The High Commissioner highlighted the courage, resilience and perseverance of survivors and families who, despite appalling trauma, never stopped seeking truth and justice.
“I want to praise, strongly, the survivors and their families, whose suffering is unimaginable but who persisted in demanding their rights,” he said.
The UN Human Rights Chief stressed that many survivors and their families are still awaiting truth, justice and reparations. He stressed that much work remains to be done by domestic tribunals and called for stronger regional cooperation.
Many victims continue to face threats, intimidation, hate speech and revisionist rhetoric, including rejection of the tribunals’ decisions; denials that crimes were committed; justification of atrocities; and the glorification of war criminals. Türk said that these issues continued to be serious obstacles to justice, reparation and memorialization.
“The meticulous work of both tribunals and their fact-based decisions, established beyond reasonable doubt, cannot be denied,” he said.
“Verdicts like today’s remind us of an awful past to which we must never return. I urge the authorities, media outlets and people in Bosnia and Herzegovina, Croatia, Montenegro, Serbia, North Macedonia and Kosovo to step up efforts to advance truth, justice, reparation and guarantees of non-recurrence. Revisionist narratives, genocide denial, divisive rhetoric and hate speech, from any quarter, are unacceptable.”
“Any actions that exacerbate tensions between and among communities must be condemned – immediately.”

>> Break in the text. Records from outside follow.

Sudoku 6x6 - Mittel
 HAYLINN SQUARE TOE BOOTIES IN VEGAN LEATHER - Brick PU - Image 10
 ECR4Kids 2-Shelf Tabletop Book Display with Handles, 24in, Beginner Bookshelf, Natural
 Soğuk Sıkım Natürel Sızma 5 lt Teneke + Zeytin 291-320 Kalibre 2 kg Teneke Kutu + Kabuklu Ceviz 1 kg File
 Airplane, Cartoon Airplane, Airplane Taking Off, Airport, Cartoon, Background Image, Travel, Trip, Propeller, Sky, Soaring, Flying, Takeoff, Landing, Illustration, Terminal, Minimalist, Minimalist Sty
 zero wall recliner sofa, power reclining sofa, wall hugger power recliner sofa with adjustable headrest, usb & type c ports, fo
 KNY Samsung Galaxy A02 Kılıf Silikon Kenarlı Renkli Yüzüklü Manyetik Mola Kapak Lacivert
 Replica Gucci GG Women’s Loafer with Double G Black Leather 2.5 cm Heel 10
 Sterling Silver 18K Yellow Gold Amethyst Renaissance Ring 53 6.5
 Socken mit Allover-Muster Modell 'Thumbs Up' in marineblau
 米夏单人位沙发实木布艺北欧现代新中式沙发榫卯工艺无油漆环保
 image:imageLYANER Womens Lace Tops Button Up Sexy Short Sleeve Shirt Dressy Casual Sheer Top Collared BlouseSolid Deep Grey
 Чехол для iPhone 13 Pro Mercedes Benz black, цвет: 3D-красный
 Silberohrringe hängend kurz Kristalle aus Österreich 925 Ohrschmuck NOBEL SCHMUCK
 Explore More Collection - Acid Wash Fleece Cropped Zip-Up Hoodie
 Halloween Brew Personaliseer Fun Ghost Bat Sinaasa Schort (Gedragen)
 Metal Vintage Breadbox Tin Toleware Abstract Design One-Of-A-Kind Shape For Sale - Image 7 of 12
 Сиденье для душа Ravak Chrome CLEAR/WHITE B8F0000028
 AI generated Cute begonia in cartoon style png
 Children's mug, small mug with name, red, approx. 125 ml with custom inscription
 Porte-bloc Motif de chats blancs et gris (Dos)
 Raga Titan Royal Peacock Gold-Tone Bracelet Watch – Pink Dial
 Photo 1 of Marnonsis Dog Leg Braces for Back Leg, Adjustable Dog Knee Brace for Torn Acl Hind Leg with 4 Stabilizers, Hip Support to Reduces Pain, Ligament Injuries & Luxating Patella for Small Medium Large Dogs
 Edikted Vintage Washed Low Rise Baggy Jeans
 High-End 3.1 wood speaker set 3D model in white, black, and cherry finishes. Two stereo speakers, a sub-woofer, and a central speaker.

* The Appeals Chamber of the Mechanism rejected Stanišić and Simatović’s appeals, confirming convictions for aiding and abetting murder as a violation of the laws or customs of war, as well as murder, deportation, inhumane acts (forcible transfer) and persecution as crimes against humanity committed in 1992 in Bosanski Šamac, Bosnia and Herzegovina. The Appeals Chamber also went to hold both men liable as members of a joint criminal enterprise for crimes committed by various Serb forces in Bosnia and Herzegovina in 1992 in Bijeljina, Zvornik, Bosanski Šamac, Doboj, and Sanski Most; for crimes committed in 1995 in Trnovo and Sanski Most; as well as for a further murder in 1992 in Daljska Planina, Croatia. The Appeals Chamber Court increased sentences imposed on both individuals from 12 years to 15 years of imprisonment.
 All references to Kosovo should be understood to be in the context of UN Security Council resolution 1244 (1999)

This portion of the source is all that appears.